### Your goal
What is needed is an exact copy of the lines in the entries below from the one holding "central america. Fotosearch" through the one holding "1 Box 24pcs", pictures excluded.

### Data for analysis
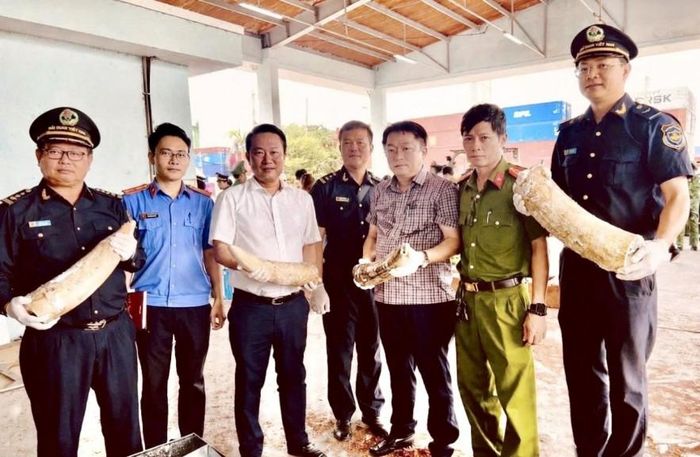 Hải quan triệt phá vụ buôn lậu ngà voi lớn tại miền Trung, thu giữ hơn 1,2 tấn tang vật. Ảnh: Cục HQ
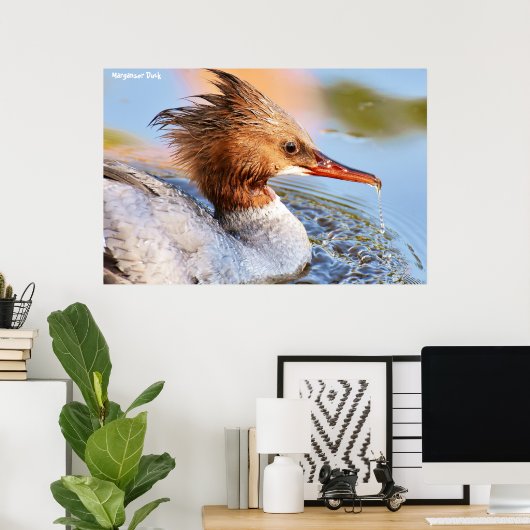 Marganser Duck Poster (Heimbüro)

* * *

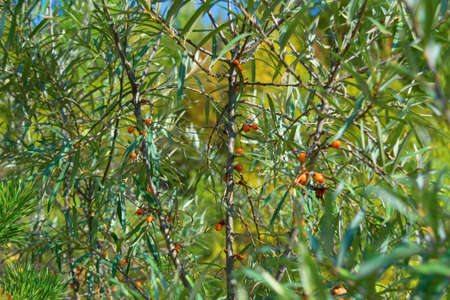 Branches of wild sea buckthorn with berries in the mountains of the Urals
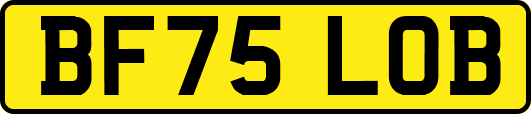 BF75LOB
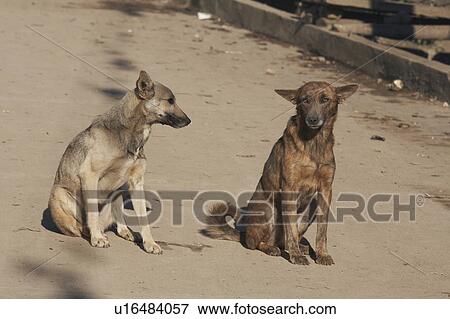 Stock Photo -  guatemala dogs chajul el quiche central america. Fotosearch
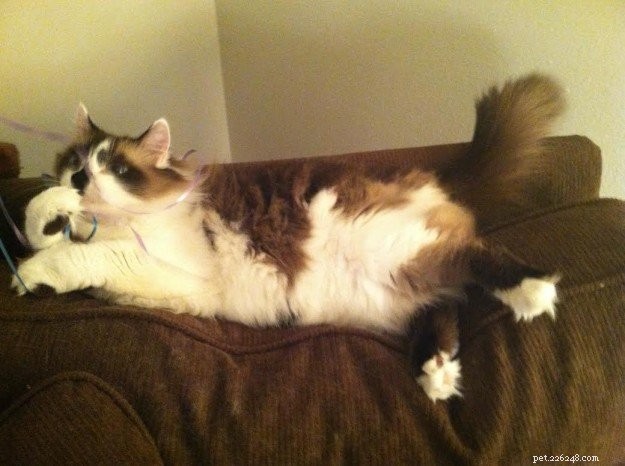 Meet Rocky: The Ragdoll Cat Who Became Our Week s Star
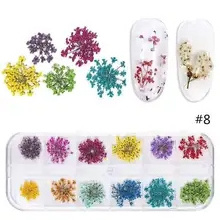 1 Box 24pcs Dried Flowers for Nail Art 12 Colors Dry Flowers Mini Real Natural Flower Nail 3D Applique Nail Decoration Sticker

...

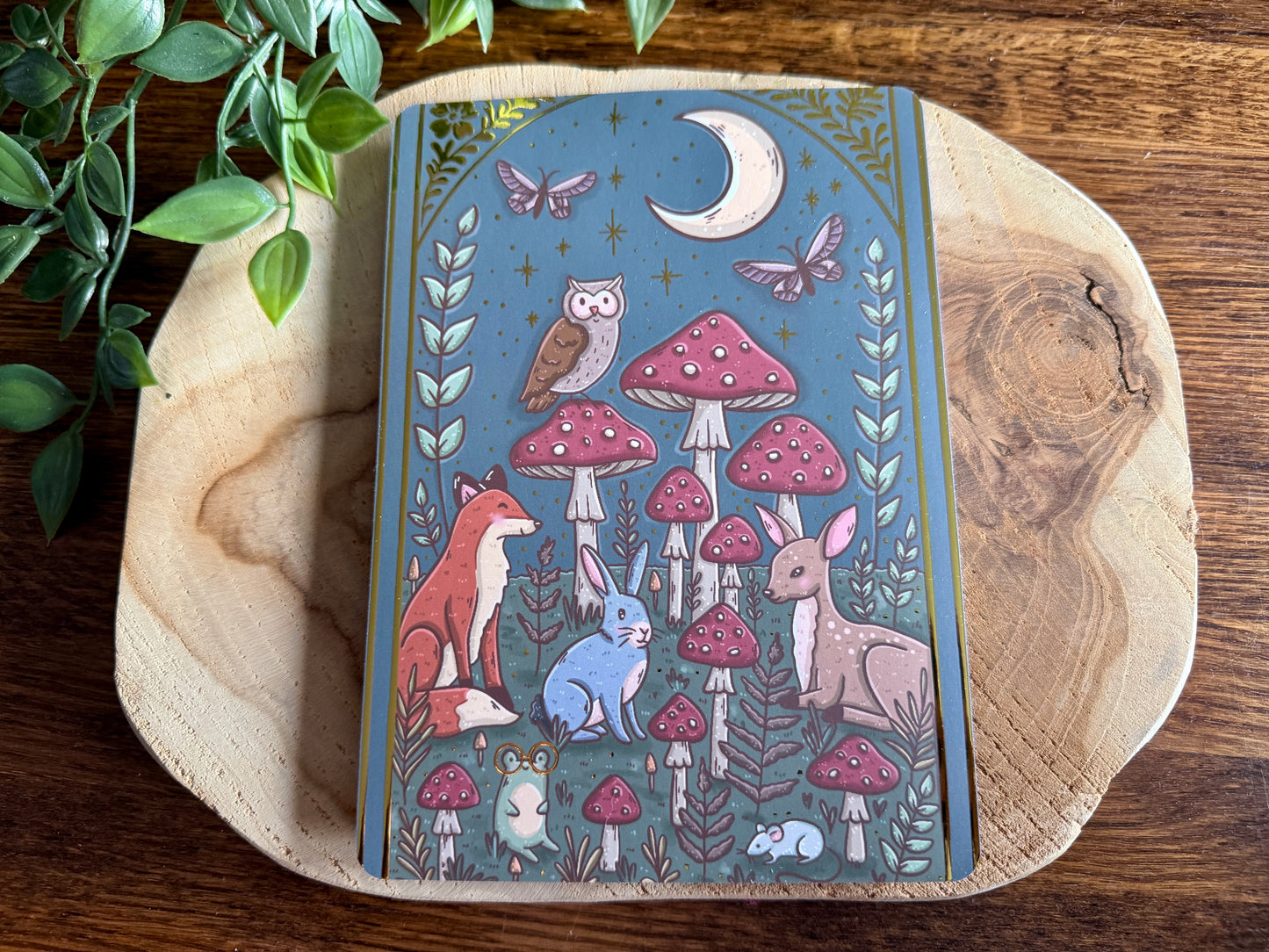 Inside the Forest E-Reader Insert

### Output of the task
 Stock Photo -  guatemala dogs chajul el quiche central america. Fotosearch
 Meet Rocky: The Ragdoll Cat Who Became Our Week s Star
 1 Box 24pcs Dried Flowers for Nail Art 12 Colors Dry Flowers Mini Real Natural Flower Nail 3D Applique Nail Decoration Sticker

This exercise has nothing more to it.